Stresstest ohne Staatspleiten

Beim europäischen Bankentest fallen acht Geldhäuser und Sparkassen durch

  • Ralf Streck, Madrid
  • Lesedauer: 4 Min.
Spanien ist die Achillesferse des europäischen Bankensystems. Die Sparkassen weisen eine hohe Kreditausfallquote auf. Dennoch fallen im Bankenstresstest nur vier spanische Sparkassen durch. Der Test klammerte selbst wahrscheinliche Risiken aus.

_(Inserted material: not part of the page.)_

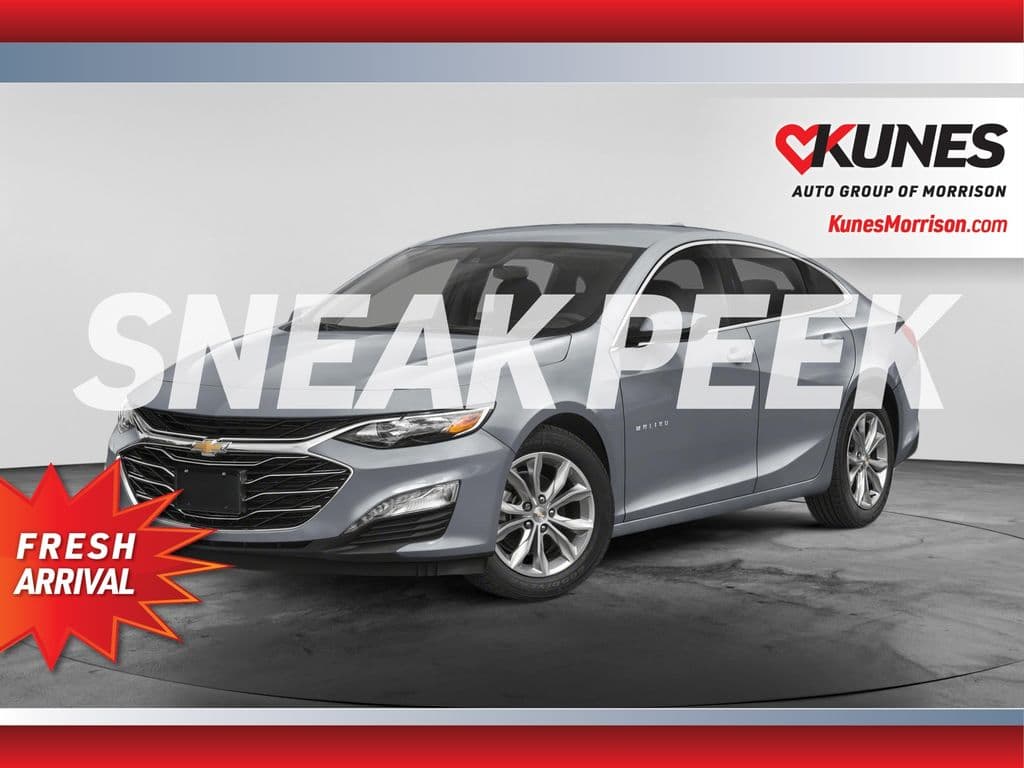 2024 Chevrolet Malibu LT — photo 1 of 18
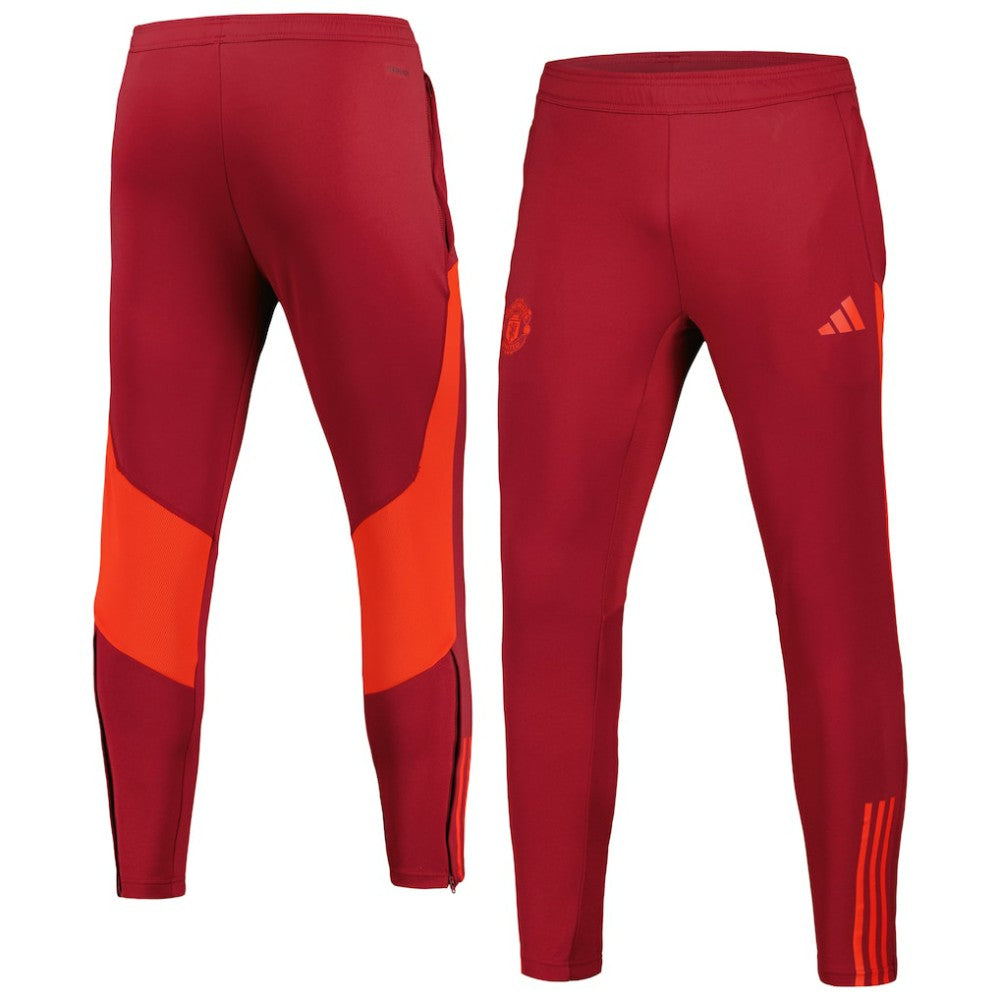 Manchester United 2023/24 AEROREADY Training Pants Red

Der Stresstest ist vorbei. Zum zweiten Mal wurde getestet, ob Banken und Sparkassen in Europa ein Krisenszenario überstehen könnten. Doch es wurde, wie schon im Vorjahr, unter klaren politischen Vorgaben geprüft: Nicht zu viele Institute sollten durchfallen, um keine Panikstimmung zu verbreiten, und es sollten nicht zu wenige sein, um den Test glaubwürdig erscheinen zu lassen. Es ging darum, »Vertrauen« zu schaffen. Entsprechend war auch das Ergebnis. 2010 fielen sieben von 91 Instituten durch, diesmal waren es acht von 90.

In Spanien scheiterten gleich vier Sparkassen und die Banco Pastor. Es waren die Sparkassen Unnim, CAM, CatalunyaCaixa und Caja3. Hinter Caja3 verbergen sich eigentlich drei vom Absturz bedrohte Sparkassen: Caja Inmaculada, Caja Círculo de Burgos und Caja Badajoz. Merkwürdig ist, dass die Caja3 auf ihren Webseiten verkündet, den Test »locker« bestanden zu haben. Mit einer aktuellen Kernkapitalquote von 8,85 Prozent, die im Stress-Szenario auf vier Prozent sinkt, würde ein solches Institut in Dänemark unter Gläubigerbeteiligung abgewickelt wie gerade die Fjordbank Mors. Um neuen Bankenrettungen vorzubeugen, wurde in Dänemark die benötigte Kernkapitalquote kürzlich deutlich angehoben.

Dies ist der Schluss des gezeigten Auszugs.